After two days had gone by and he had not called or come back to the apartment, I took it upon myself to go to his house. I armed myself with a crisp ten-dollar bill in case I encountered Miss Louise. I got there just in time to see Wade crawling into a cab with his two battered suitcases and his backpack. His mama was hanging on to his arm like he was going to the moon. He was halfway into the cab when she pulled him back out.

I stumbled over a dog stretched out on the sidewalk as I ran up to Wade and started tugging on the sleeve of his jacket. “Wade, are you leaving?” I asked, feeling stupid because it was so obvious that that was exactly what he was doing.

Just thinking about how he had made love to me in my bed made me tingle all over.
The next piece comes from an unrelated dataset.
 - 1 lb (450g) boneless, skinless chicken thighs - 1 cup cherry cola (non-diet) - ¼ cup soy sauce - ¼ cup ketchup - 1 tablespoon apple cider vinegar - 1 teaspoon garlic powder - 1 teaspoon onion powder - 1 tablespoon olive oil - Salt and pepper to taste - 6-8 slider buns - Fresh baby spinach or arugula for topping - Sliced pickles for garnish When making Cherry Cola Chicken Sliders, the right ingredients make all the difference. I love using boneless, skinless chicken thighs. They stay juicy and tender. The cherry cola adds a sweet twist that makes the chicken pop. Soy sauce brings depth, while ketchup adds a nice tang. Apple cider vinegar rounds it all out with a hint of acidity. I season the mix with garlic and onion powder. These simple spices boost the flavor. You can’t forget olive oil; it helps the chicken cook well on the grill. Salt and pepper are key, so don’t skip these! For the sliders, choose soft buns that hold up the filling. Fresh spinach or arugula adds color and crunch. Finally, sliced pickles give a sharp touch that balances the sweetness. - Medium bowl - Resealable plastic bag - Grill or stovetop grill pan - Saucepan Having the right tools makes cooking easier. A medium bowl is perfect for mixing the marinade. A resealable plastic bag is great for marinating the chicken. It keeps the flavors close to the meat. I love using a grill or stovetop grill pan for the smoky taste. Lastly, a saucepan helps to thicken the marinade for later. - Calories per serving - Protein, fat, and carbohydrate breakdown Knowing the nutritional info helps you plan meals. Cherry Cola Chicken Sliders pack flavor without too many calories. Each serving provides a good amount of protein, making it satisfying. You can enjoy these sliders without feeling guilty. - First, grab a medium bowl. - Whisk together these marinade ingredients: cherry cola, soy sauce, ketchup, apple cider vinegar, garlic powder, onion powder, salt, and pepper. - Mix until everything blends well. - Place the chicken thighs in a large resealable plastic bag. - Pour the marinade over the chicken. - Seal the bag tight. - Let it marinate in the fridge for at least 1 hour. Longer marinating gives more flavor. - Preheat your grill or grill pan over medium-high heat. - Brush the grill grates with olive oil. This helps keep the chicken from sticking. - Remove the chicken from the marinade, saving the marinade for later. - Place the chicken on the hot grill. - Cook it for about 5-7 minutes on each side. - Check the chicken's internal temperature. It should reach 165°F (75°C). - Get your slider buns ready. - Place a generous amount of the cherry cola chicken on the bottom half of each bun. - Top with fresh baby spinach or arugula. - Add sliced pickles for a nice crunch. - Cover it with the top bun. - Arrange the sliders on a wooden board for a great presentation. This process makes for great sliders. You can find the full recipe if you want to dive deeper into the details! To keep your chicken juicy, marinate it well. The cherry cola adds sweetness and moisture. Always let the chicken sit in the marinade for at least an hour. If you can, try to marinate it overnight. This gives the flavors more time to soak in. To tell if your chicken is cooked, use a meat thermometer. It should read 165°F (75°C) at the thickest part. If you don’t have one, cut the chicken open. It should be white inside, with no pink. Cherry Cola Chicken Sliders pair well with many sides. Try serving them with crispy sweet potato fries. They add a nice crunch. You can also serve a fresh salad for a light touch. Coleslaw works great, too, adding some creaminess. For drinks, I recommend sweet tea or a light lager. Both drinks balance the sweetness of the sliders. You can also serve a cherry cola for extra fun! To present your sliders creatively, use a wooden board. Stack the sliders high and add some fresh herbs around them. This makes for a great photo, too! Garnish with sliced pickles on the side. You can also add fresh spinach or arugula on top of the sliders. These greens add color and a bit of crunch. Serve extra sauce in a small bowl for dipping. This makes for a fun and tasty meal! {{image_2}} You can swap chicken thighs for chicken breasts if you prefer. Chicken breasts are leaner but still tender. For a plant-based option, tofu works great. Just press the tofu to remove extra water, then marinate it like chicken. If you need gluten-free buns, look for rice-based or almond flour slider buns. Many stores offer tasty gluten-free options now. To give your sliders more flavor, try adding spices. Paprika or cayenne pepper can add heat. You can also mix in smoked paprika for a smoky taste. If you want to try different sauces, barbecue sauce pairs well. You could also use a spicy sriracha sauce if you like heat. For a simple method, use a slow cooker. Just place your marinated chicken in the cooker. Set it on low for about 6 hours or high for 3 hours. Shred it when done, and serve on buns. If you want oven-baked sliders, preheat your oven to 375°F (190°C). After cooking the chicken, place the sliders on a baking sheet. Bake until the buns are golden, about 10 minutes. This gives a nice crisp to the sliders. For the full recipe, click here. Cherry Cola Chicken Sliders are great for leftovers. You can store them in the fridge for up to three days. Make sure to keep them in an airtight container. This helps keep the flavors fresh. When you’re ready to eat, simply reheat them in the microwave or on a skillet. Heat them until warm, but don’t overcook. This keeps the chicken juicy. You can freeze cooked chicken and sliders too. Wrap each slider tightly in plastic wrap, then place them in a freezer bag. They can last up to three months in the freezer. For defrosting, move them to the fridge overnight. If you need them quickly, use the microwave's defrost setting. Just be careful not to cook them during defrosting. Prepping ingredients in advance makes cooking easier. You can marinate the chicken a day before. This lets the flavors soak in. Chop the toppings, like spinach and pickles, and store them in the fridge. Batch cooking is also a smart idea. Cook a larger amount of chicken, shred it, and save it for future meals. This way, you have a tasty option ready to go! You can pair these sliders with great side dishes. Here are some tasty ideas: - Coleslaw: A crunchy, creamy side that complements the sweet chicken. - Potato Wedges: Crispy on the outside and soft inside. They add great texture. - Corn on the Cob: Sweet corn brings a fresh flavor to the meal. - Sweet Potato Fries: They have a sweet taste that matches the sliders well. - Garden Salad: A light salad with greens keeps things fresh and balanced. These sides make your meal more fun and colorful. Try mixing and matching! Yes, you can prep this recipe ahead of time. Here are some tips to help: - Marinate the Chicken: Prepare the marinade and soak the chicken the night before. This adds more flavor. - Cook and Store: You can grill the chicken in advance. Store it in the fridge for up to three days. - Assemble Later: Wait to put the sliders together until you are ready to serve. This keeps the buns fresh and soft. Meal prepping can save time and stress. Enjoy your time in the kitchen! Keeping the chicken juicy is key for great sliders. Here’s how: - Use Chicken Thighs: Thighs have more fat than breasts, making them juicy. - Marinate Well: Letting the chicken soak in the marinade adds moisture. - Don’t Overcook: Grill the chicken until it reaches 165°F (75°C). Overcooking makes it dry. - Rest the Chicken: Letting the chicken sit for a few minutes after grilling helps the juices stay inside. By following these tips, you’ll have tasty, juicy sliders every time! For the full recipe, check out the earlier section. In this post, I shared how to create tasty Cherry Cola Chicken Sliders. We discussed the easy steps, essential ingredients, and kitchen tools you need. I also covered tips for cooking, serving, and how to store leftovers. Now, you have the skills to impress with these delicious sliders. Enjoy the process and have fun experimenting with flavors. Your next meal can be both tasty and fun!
He had learned a lot over the years about how to please a woman, so it had been a totally different experience from our first encounter. And, after all the boys I had been involved with since Wade had helped himself to my virginity, my body had adjusted to all that poking and pumping, so sex wasn’t so painful anymore. I wanted to throw myself to the ground and take Wade down with me and fuck his brains out. And if Miss Louise and that cabdriver hadn’t been in the way, that’s probably just what I would have done.

“Oh, Christine,” he muttered. I didn’t know how to interpret the look on his face. He was either annoyed or surprised. “I been meaning to call you,” he said, his arm around his weeping mama. “My agent called me last night. I need to get back down to L.A. to read for two very important parts,” he said, glowing like a firefly.

“They are just commercials, but that’s better than nothing,” Wade’s mama said through her tears. From the look on Wade’s face, I knew that this was a piece of information that he was not that excited about sharing.

“Can I call you sometime?” I said as fast as I could, his mama and I playing tug-of-war with his body. She had a hand clamped around one of his arms, I had my hand clamped around the other, and we were both pulling him in the opposite direction.

“Yeah, yeah, sure you can. That’s cool,” Wade said, looking embarrassed and talking fast. He gently pulled away from me and his mama. “Uh, I am going to miss you, and I really wish that you could come with me.” He gave me a brief hug and a cold, quick peck on the cheek. Then he slid into the backseat of the cab and slammed the door shut. He didn’t even look back, but I stood there until the cab was out of sight.

I didn’t realize Miss Louise was still standing there, too, until I heard her voice.

“How come you ain’t in school today?” she asked in a gruff voice. She blew her nose into a piece of tissue and looked at me with red, swollen eyes.

“I wasn’t feeling too good,” I lied, adding a fake cough. But now that I knew Wade was leaving, I did feel sick. A knot had formed in my stomach, and I was more confused than ever. Not just about Wade and the way he seemed to slide in and out of my life. I was also confused about what I wanted to do with my life from this point on. “Miss Louise, can you give me Wade’s address so I can write him a letter sometime?”

“Just a fan letter, I hope,” Miss Louise said, with a smirk.

“Huh? Oh yeah. I just want to write him a fan letter.”

“Good. The boy just getting started, and he don’t need a lot of distractions in his life right now.”

“I know. I won’t distract him,” I insisted, nodding my head for emphasis. “I’d appreciate it if you’d give me his, uh, phone number, too.”

“I guess I could,” Miss Louise said, looking puzzled. “But you are the only girl I’m giving it to. My baby already got too many girls on his back, riding him like he some kind of mule.”

I followed Miss Louise into her house, where she scribbled the information I’d requested on the back of a TV Guide. Then I left her house, running.

That night, as soon as I heard Daddy snoring, I eased out of my room and tiptoed out the front door. I hung out at Tina’s house until the next Greyhound bus was ready to leave for L.A. I climbed aboard that bus, with Wade’s address on the back of a matchbook in my backpack.